• **Exercise data**
<<<<
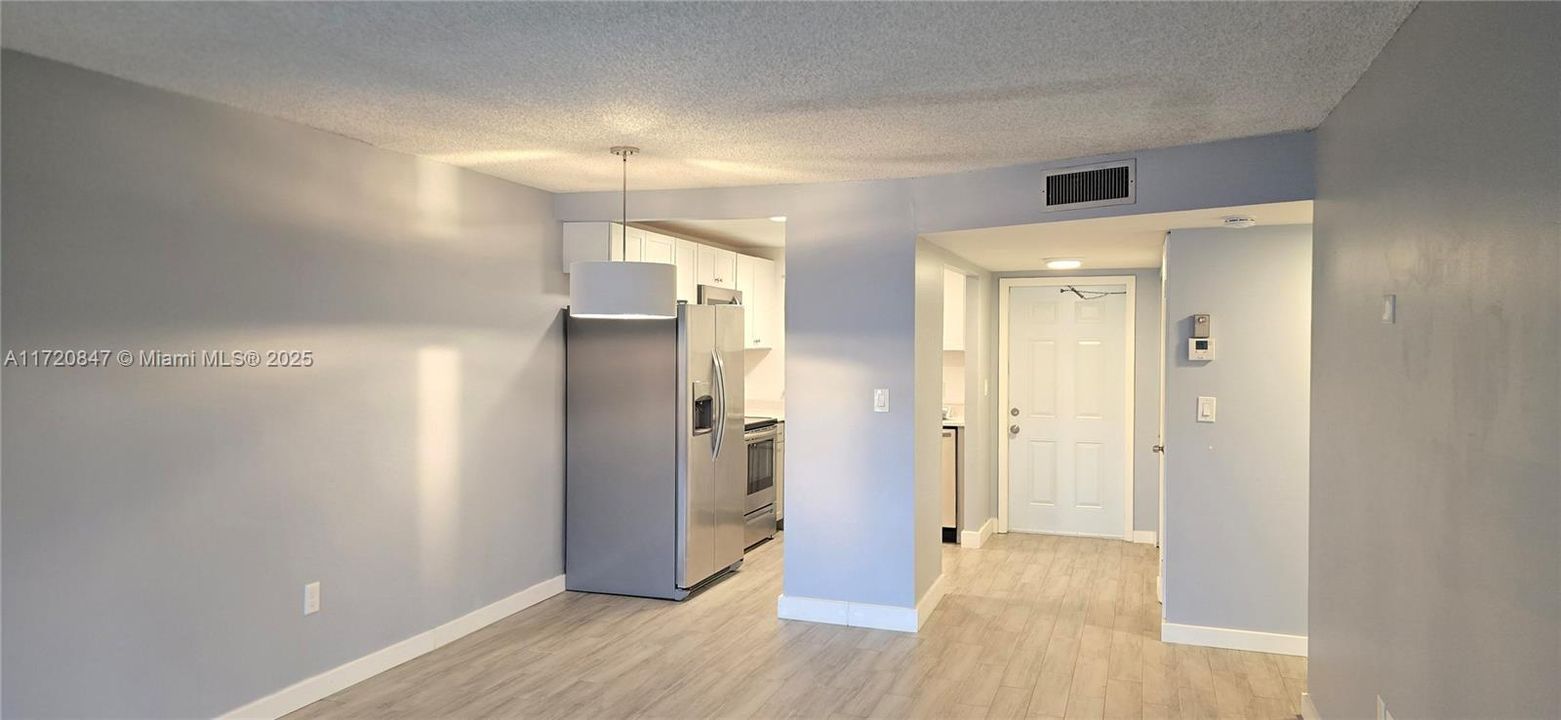 For Sale: $153,900 (2 beds, 2 baths, 850 Square Feet)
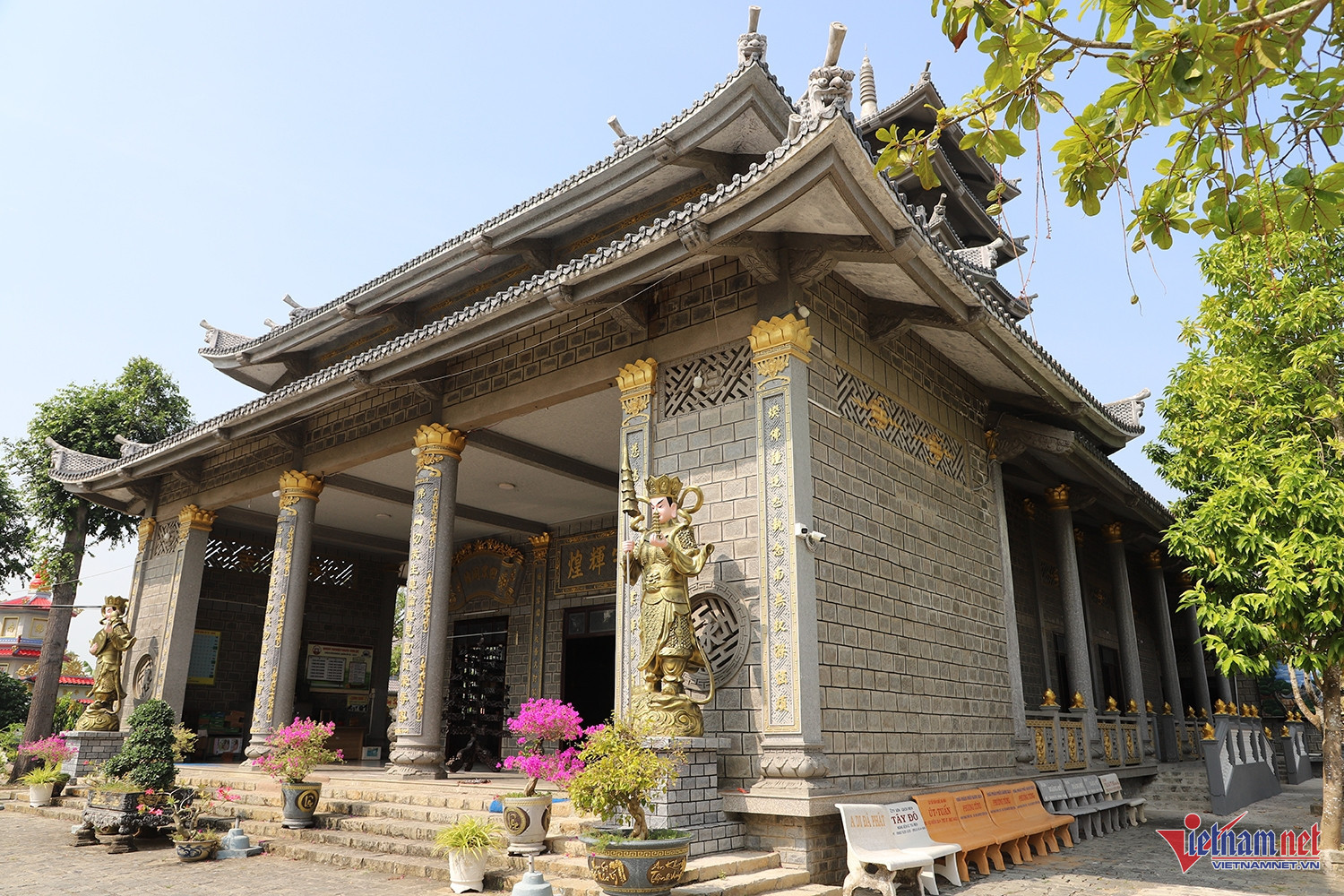 vietnam temple1.jpg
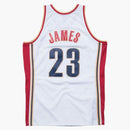 Mitchell i Ness LeBron James Cleveland Cavaliers 2003-04 Swingman Jersey White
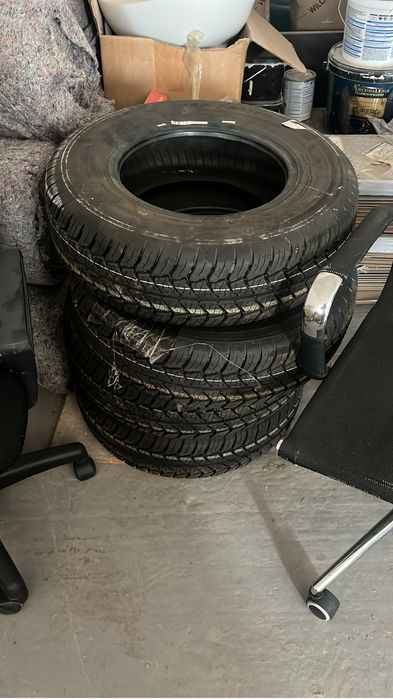 Резина новая комплект 185 /75 r13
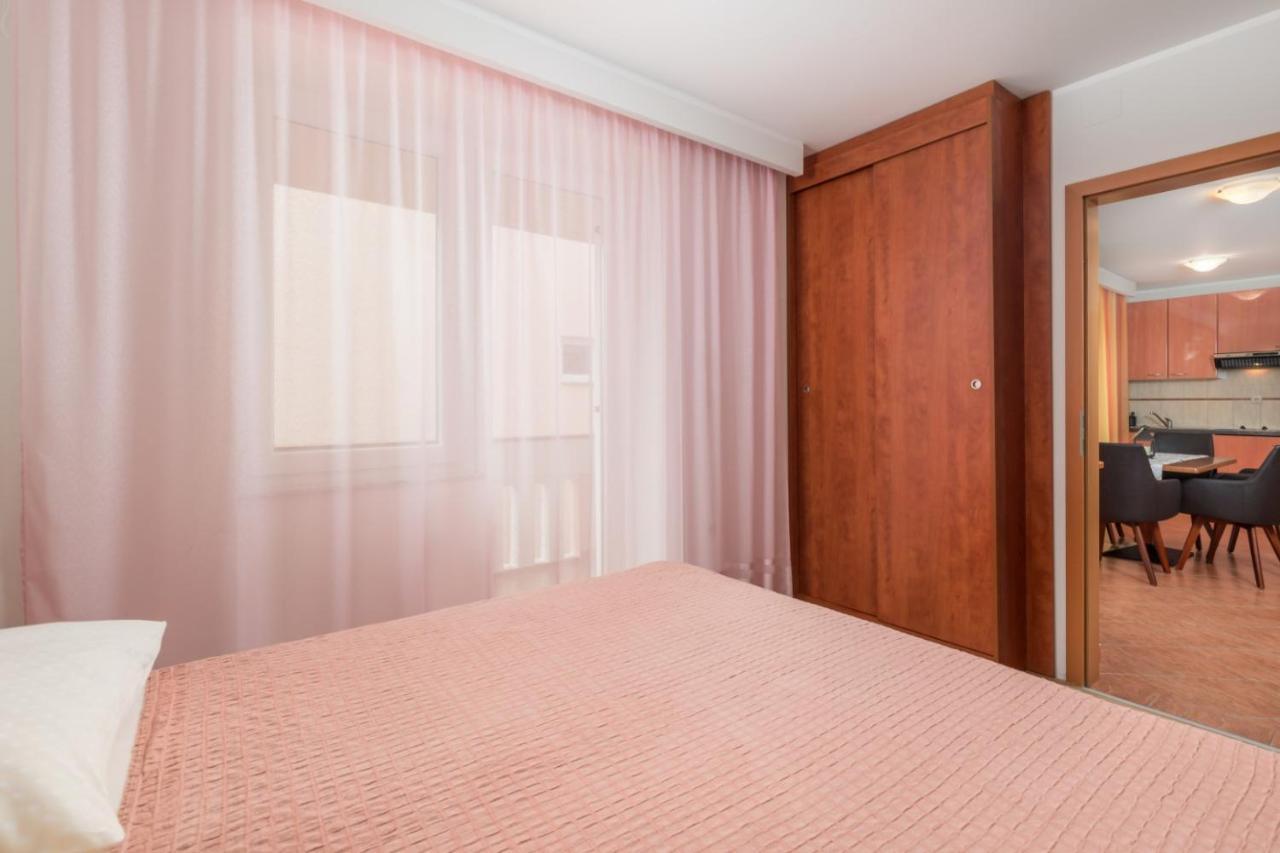 Apartment Drazenka Turato Башка Экстерьер фото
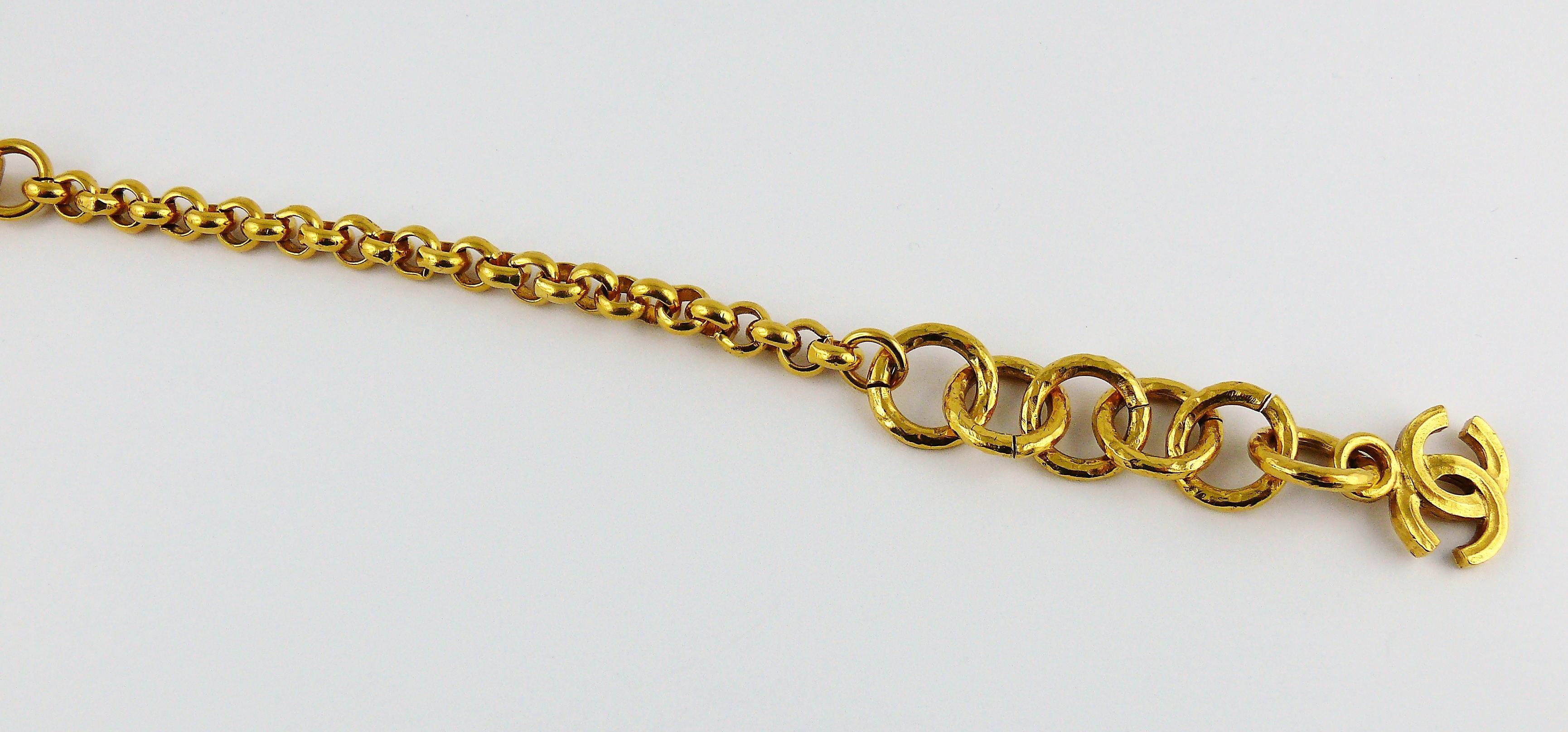 Women's Chanel Vintage Gold Toned CC Logo Plastron Necklace For Sale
>>>>
• **What to work on**
Give the data again exactly as it stands, apart from the pictures.

• **Written answer**
 For Sale: $153,900 (2 beds, 2 baths, 850 Square Feet)
 vietnam temple1.jpg
 Mitchell i Ness LeBron James Cleveland Cavaliers 2003-04 Swingman Jersey White
 Резина новая комплект 185 /75 r13
 Apartment Drazenka Turato Башка Экстерьер фото
 Women's Chanel Vintage Gold Toned CC Logo Plastron Necklace For Sale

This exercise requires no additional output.